Dr. Douek remarked that, despite similarities with gut cells, lung cells do not have lymphoid aggregates and produce a different result regarding preservation of tissue. In HIV infection, the trafficking of cells is disturbed, so that, for example, effector-type T-cells are found in lymph nodes when they should be expected elsewhere. Dr. Haynes suggested that researchers study long-term non-progressors to compare results for T-cell depletion, etc.
Dr. Ronald Veazey, of Tulane University, cited his work in macaques showing massive depletion of intestinal CD4 T-cells expressing CCR5. This continues in spite of the application of HAART. Studies have found similar depletion of CD4 T-cells in vaginal mucosa. CD4 T-cell depletion is associated with direct viral infection of mucosal cells. HIV might be called a disease of the mucosal immune system. The turnover of viral target cells is a key in progression.

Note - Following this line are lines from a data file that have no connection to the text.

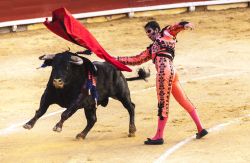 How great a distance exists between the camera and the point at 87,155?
804cm

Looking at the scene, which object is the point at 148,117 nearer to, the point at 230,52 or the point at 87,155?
the point at 87,155

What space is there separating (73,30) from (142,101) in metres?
2.89

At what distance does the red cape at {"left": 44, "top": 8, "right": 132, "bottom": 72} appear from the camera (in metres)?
8.45

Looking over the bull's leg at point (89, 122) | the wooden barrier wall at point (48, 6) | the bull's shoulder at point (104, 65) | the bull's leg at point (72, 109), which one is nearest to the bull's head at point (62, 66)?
the bull's leg at point (72, 109)

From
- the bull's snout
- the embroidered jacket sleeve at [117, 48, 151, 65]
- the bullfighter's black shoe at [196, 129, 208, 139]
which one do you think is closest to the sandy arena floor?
the bullfighter's black shoe at [196, 129, 208, 139]

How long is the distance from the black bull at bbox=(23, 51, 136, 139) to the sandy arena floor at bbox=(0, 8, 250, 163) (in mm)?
341

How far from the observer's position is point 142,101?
11141mm

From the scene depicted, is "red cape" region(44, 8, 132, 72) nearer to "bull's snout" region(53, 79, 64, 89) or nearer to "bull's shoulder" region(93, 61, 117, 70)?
"bull's shoulder" region(93, 61, 117, 70)

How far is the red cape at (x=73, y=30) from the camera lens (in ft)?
27.7

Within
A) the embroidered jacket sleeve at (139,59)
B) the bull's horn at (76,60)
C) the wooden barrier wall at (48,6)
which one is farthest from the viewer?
the wooden barrier wall at (48,6)

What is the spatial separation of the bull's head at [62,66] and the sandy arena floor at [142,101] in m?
0.69

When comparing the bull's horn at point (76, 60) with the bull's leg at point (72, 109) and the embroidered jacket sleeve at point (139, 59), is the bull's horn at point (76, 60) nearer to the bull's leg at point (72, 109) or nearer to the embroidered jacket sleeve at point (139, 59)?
the bull's leg at point (72, 109)

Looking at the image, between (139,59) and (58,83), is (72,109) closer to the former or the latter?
(58,83)

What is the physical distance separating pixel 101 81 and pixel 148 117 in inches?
Answer: 60.3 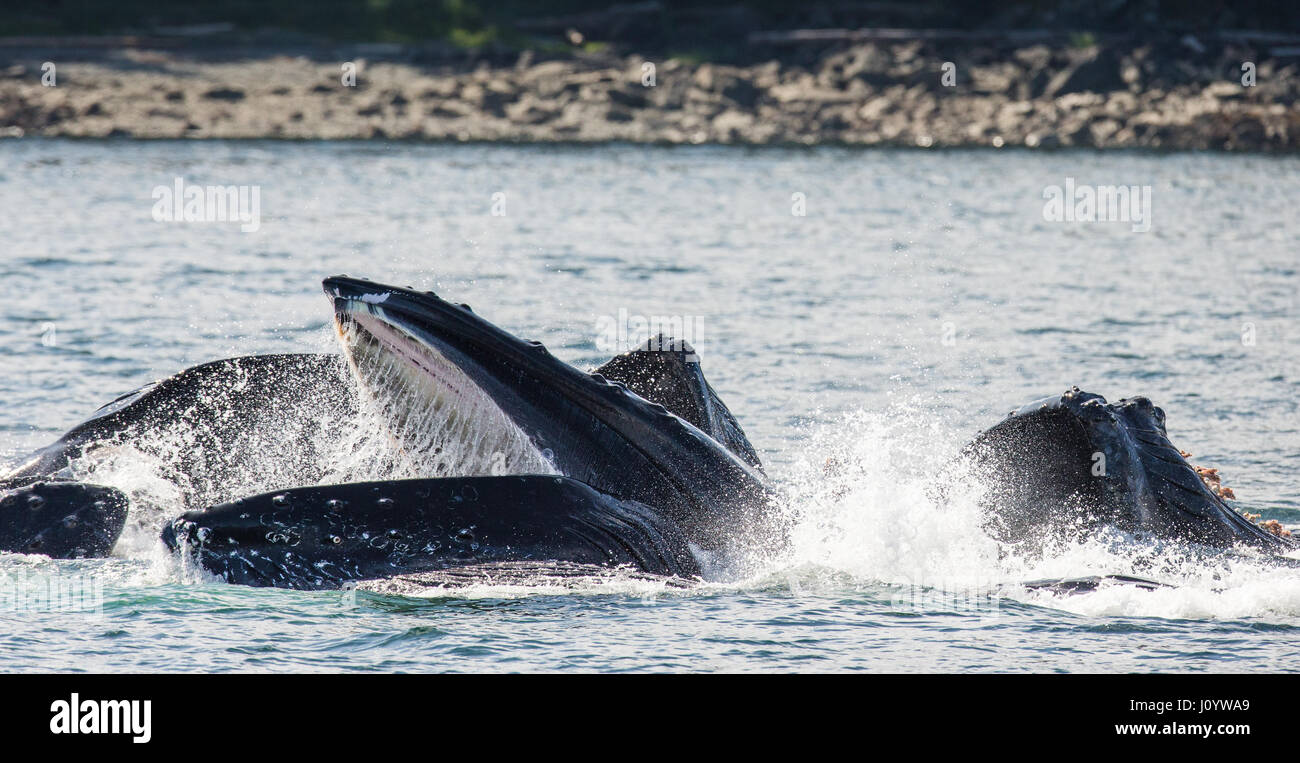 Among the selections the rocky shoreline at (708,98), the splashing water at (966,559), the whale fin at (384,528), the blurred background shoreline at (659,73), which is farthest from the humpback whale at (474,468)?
the blurred background shoreline at (659,73)

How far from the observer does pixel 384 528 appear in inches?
355

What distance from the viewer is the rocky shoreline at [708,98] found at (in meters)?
56.0

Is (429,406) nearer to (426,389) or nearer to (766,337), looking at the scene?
(426,389)

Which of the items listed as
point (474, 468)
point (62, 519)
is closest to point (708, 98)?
point (62, 519)

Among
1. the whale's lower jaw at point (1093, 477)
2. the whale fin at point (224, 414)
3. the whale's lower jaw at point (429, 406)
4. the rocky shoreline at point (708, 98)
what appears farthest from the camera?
the rocky shoreline at point (708, 98)

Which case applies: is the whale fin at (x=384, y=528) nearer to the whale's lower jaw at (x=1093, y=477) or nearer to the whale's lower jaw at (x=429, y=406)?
the whale's lower jaw at (x=429, y=406)

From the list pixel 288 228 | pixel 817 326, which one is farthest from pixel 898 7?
pixel 817 326

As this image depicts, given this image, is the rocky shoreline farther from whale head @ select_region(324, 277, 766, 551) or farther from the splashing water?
whale head @ select_region(324, 277, 766, 551)

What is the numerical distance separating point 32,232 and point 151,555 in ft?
76.6

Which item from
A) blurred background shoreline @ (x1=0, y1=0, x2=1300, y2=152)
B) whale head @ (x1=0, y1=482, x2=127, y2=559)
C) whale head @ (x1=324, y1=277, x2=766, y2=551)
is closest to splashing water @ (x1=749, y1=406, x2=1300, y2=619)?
whale head @ (x1=324, y1=277, x2=766, y2=551)

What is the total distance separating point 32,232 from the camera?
32.0 meters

Dr. Veazey noted current studies of mechanisms of depletion, of CD4 T-cell loss in peripheral blood, of depletion during early treatments, and of cytotoxic T-lymphocytes (CTLs). There appears to be no relationship between protection and virus-associated CTLs.
Dr. Veazey concluded that the pathogenesis of HIV and SIV correlates with CD4+ T-cells in the intestinal tract. We need a vaccine that elicits a mucosal response. We need good models of protection (now being developed).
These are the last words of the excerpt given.